Data Analyst: Pujan Vakharia
Client/Sponsor: Metabis
Purpose
Avocado is one of the growing health foods, (rather health fruits). With rising awareness about health-conscious consumption of food and beverages, avocados have become a preferred ingredient of many consumers over the last decade. To understand the future of avocados, the study is being undertaken to see if the rise of avocado demand correlates significantly to that of health-conscious consumption. Furthermore, the interplay of supply and demand is to be assessed to understand what adjusted first to rising avocado popularity, supply or demand. Assumption is that supply came after demand, we would like to confirm the same through pricing trends see how future trends of supply affect the demand and price. The insights generated should help predict the future consumption of avocado for years to come (5-10 year period).

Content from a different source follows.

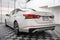 2020 Nissan Altima 2.5 Platinum
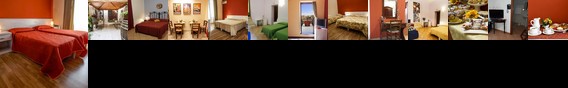 Locanda Scirocco Locanda Scirocco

Note: Data used for this project is publicly available here.
Scope / Major Project Activities
Activity | Description |
Acquire historical avocado pricing, sales and produce data | The essential parts of understanding supply and demand, avocado prices, sales and avocado production, preferably for the period of past decade to be collected. |
Processing: Cleaning and consolidation | Preparing the dataset for analysis |
Analysis | Test hypothesis, perform exploratory data analysis to answer various open-ended questions to understand the world of avocados inside and out |
Test Correlation with Health Awareness | Find data of health awareness and compare the avocado demand with the same to see if there is correlation. |
Identify supply and demand trend relation and pricing | Compare sales and production details to see how it relates. |
Create prediction models | Test different models such as multiple linear regression, random forest etc. |
Final report and predictions | Final report discussing impact of health-conscious consumption trend, supply and demand etc plus the predictions for next (5-10 year) period. |
This Project Does Not Include
- Does not involve any other item beyond avocado.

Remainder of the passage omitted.